* Source material *
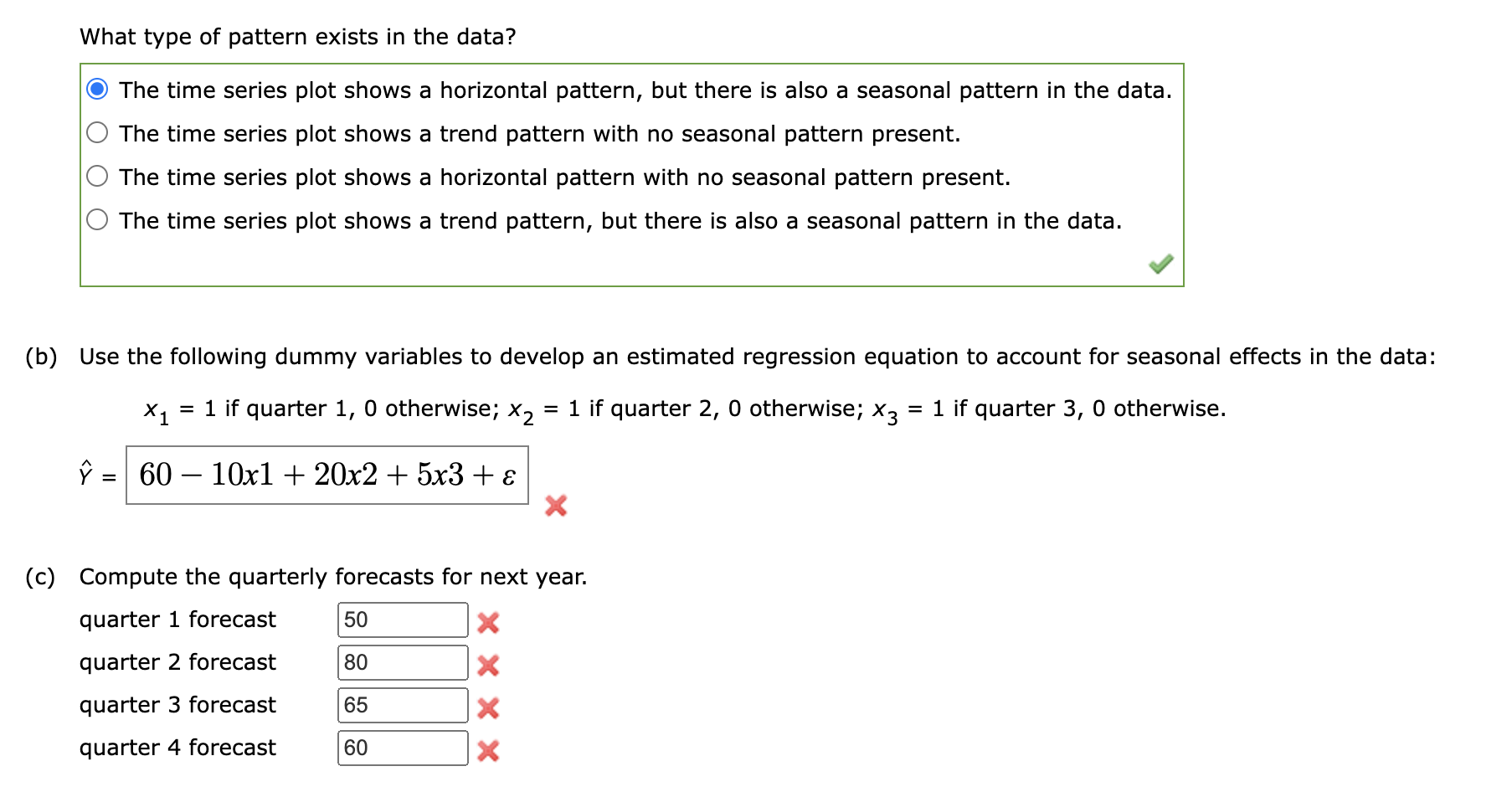 Construct a time series plot. What type of pattern exists in the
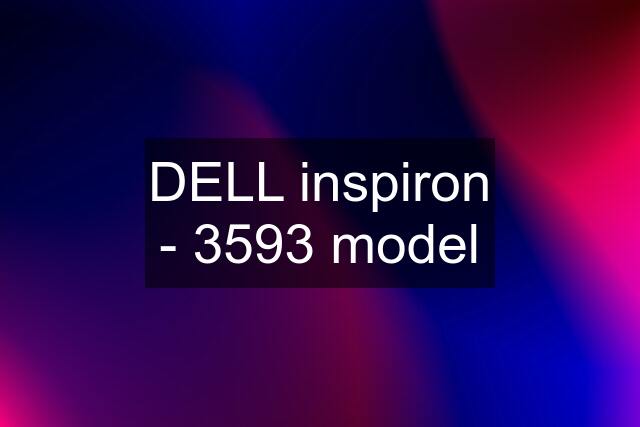 DELL inspiron - 3593 model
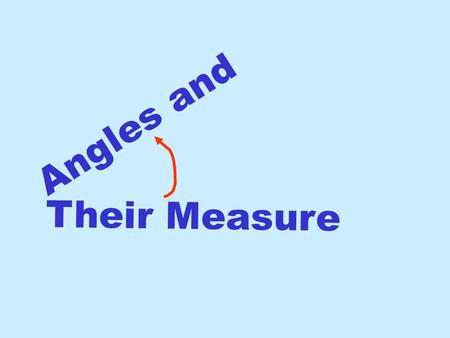 A n g l e s a n d T h e i r M e a s u r e. An angle is formed by joining the endpoints of two half-lines called rays. The side you measure from is called.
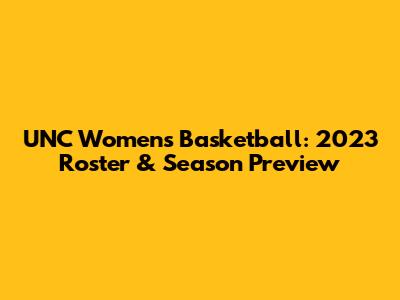 UNC Women's Basketball: 2023 Roster & Season Preview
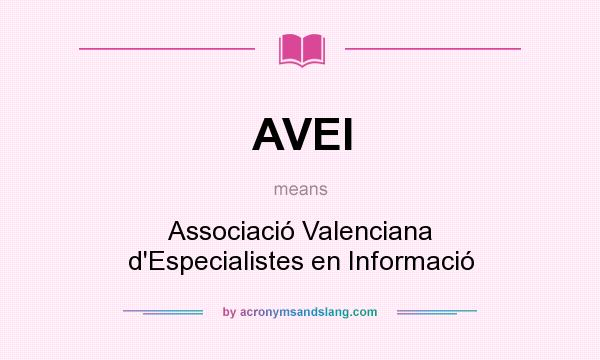 What does AVEI mean? It stands for Associació Valenciana d`Especialistes en Informació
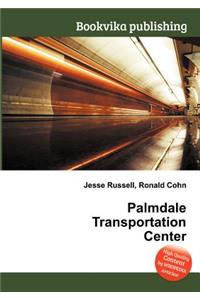 Palmdale Transportation Center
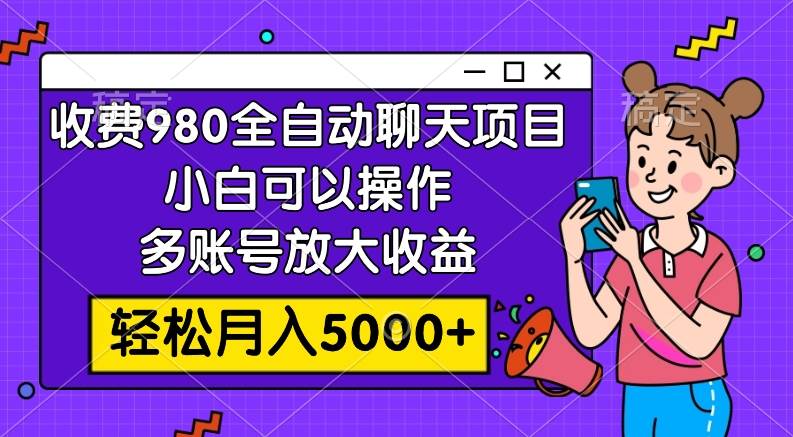 收费980的全自动聊天玩法，小白可以操作，多账号放大收益，轻松月入5000+-烽云网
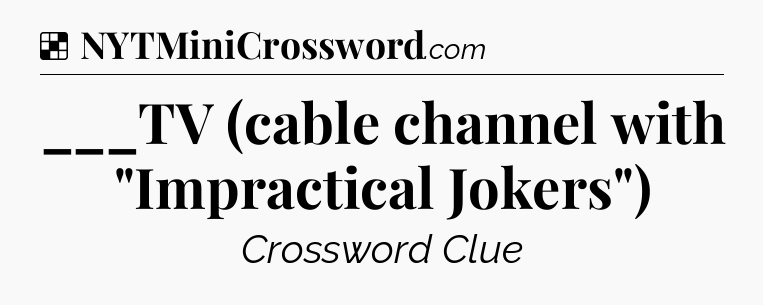 Solution: ___TV (cable channel with 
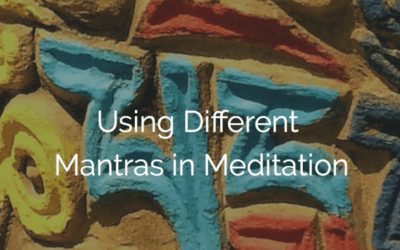 Using Different Mantras in Meditation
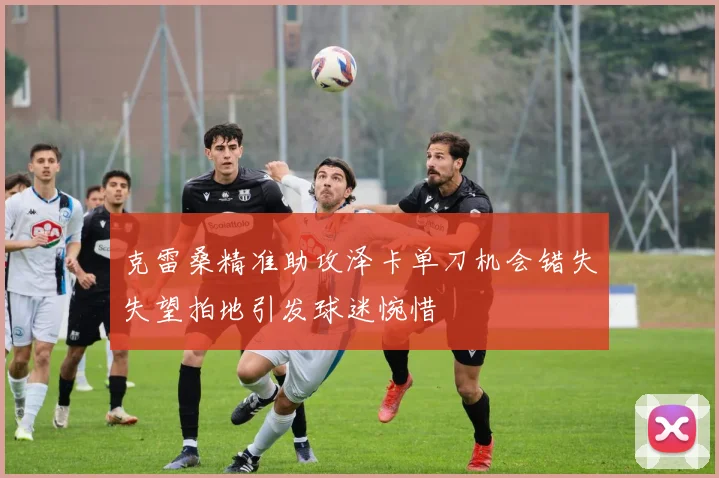 克雷桑精准助攻泽卡单刀机会错失失望拍地引发球迷惋惜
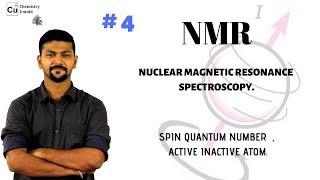 NMR SPECTROSCOPY 04  NUCLEAR SPIN  ACTIVE AND INACTIVE ATOMS [upl. by Amero]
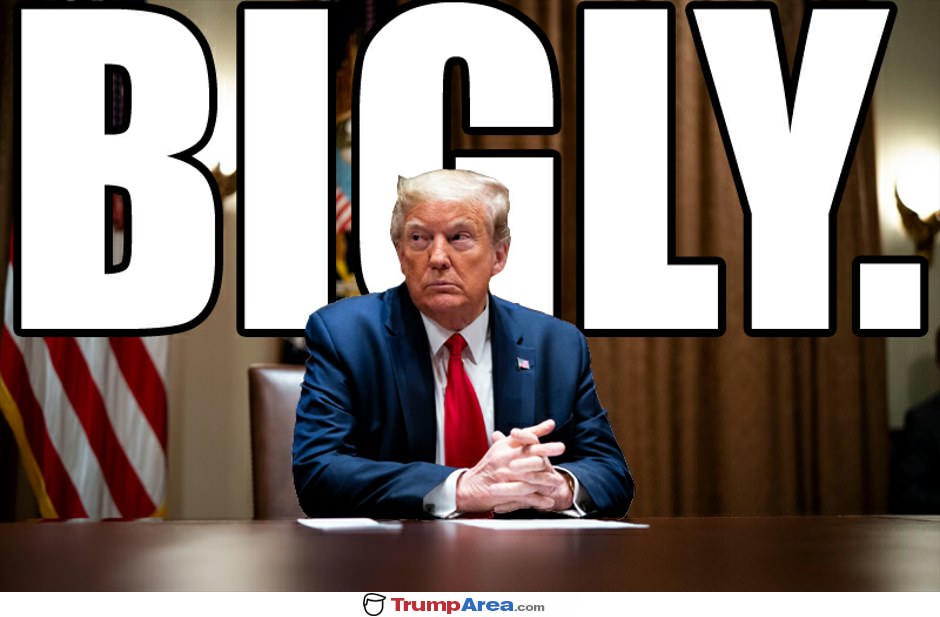 Bigly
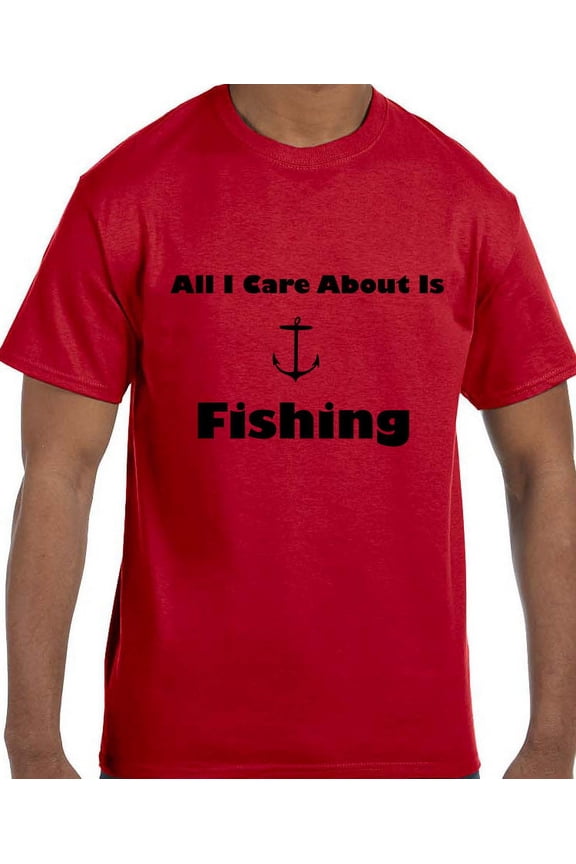 Funny Humor All I Care ABout Is Fishing Fish Anchor T-Shirt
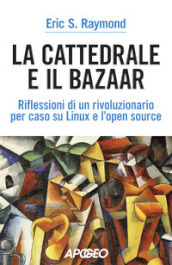 La cattedrale e il bazaar. riflessioni di un rivoluzionario per caso su Linux e l open source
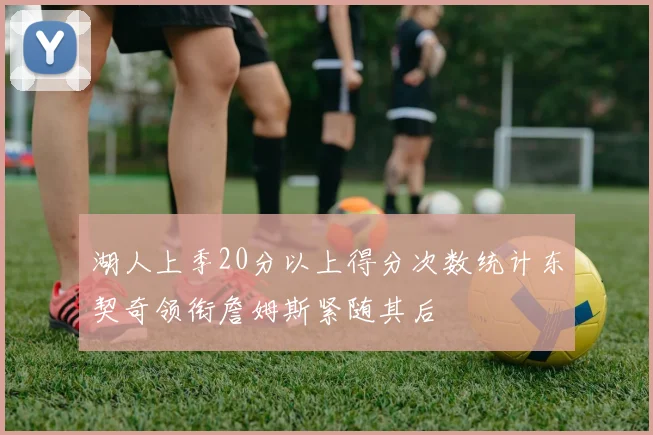 湖人上季20分以上得分次数统计东契奇领衔詹姆斯紧随其后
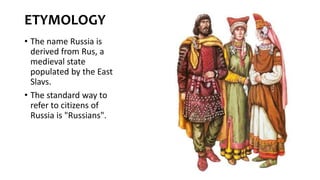 ETYMOLOGY
• The name Russia is
derived from Rus, a
medieval state
populated by the East
Slavs.
• The standard way to
refer to citizens of
Russia is "Russians".
 
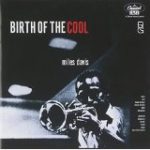 Miles Davis: Birth of The Cool (1949, Capitol)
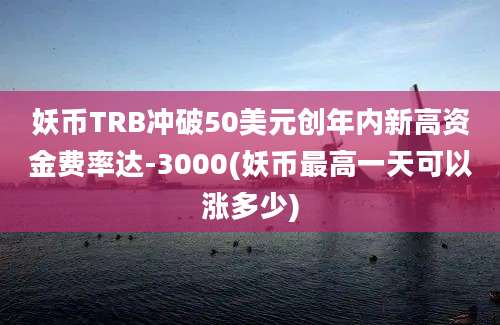 妖币TRB冲破50美元创年内新高资金费率达-3000(妖币最高一天可以涨多少)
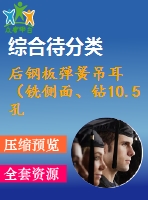 后鋼板彈簧吊耳（銑側(cè)面、鉆10.5孔、鉆30孔）的工藝和工裝設(shè)計(jì)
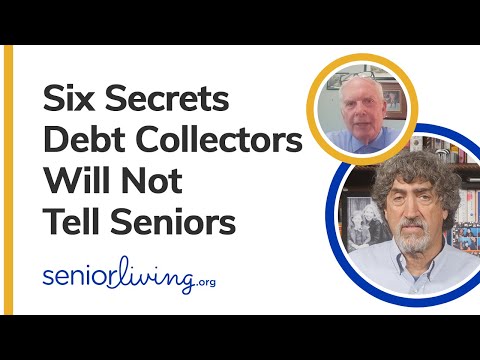 Six Secrets Debt Collectors Will Not Tell Seniors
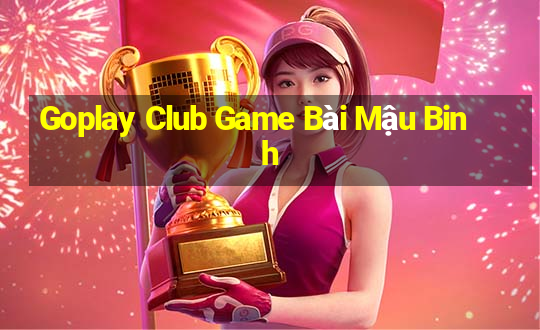 Goplay Club Game Bài Mậu Binh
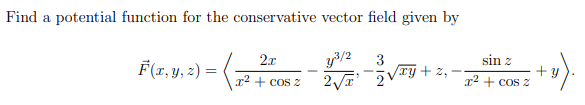 Find a potential function for the conservative vector field given by
y3/2
2T 2
2x
sin z
F(r, y, 2) =
3
ry + z,
+ y
r2 + cos z
r2 + cos z
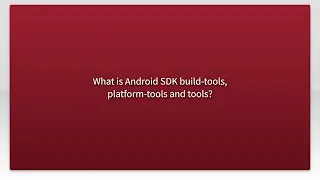 What is Android SDK build-tools, platform-tools and tools?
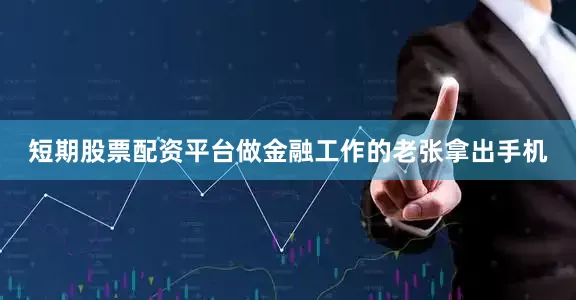 短期股票配资平台做金融工作的老张拿出手机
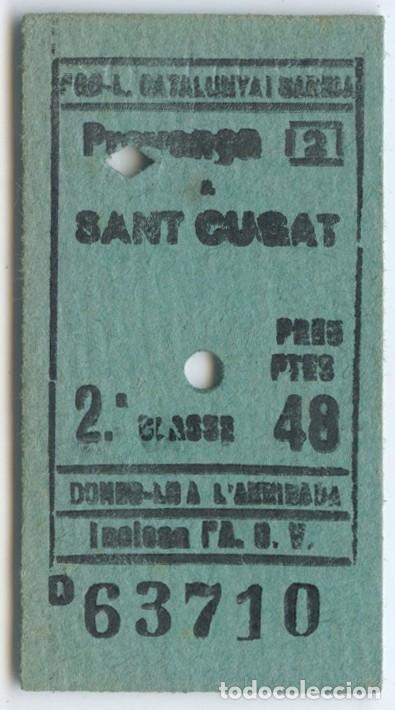 Sammeln von Fahrkarten: ANTIGUO BILLETE FERROCARRIL DESDE PROVEN&Ccedil;A A SANT CUGAT - 48 PESSETES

* About this task *
Repeat the entries faithfully. Any picture gets left out.

* Output for this task *
 Construct a time series plot. What type of pattern exists in the
 DELL inspiron - 3593 model
 A n g l e s a n d T h e i r M e a s u r e. An angle is formed by joining the endpoints of two half-lines called rays. The side you measure from is called.
 UNC Women's Basketball: 2023 Roster & Season Preview
 What does AVEI mean? It stands for Associació Valenciana d`Especialistes en Informació
 Palmdale Transportation Center
 收费980的全自动聊天玩法，小白可以操作，多账号放大收益，轻松月入5000+-烽云网
 Solution: ___TV (cable channel with 
 Using Different Mantras in Meditation
 克雷桑精准助攻泽卡单刀机会错失失望拍地引发球迷惋惜
 NMR SPECTROSCOPY 04  NUCLEAR SPIN  ACTIVE AND INACTIVE ATOMS [upl. by Amero]
 Bigly
 Funny Humor All I Care ABout Is Fishing Fish Anchor T-Shirt
 La cattedrale e il bazaar. riflessioni di un rivoluzionario per caso su Linux e l open source
 湖人上季20分以上得分次数统计东契奇领衔詹姆斯紧随其后
 ETYMOLOGY
• The name Russia is
derived from Rus, a
medieval state
populated by the East
Slavs.
• The standard way to
refer to citizens of
Russia is "Russians".
 
 Miles Davis: Birth of The Cool (1949, Capitol)
 妖币TRB冲破50美元创年内新高资金费率达-3000(妖币最高一天可以涨多少)
 后鋼板彈簧吊耳（銑側(cè)面、鉆10.5孔、鉆30孔）的工藝和工裝設(shè)計(jì)
 Six Secrets Debt Collectors Will Not Tell Seniors
 Goplay Club Game Bài Mậu Binh
 Find a potential function for the conservative vector field given by
y3/2
2T 2
2x
sin z
F(r, y, 2) =
3
ry + z,
+ y
r2 + cos z
r2 + cos z
 What is Android SDK build-tools, platform-tools and tools?
 短期股票配资平台做金融工作的老张拿出手机
 Sammeln von Fahrkarten: ANTIGUO BILLETE FERROCARRIL DESDE PROVEN&Ccedil;A A SANT CUGAT - 48 PESSETES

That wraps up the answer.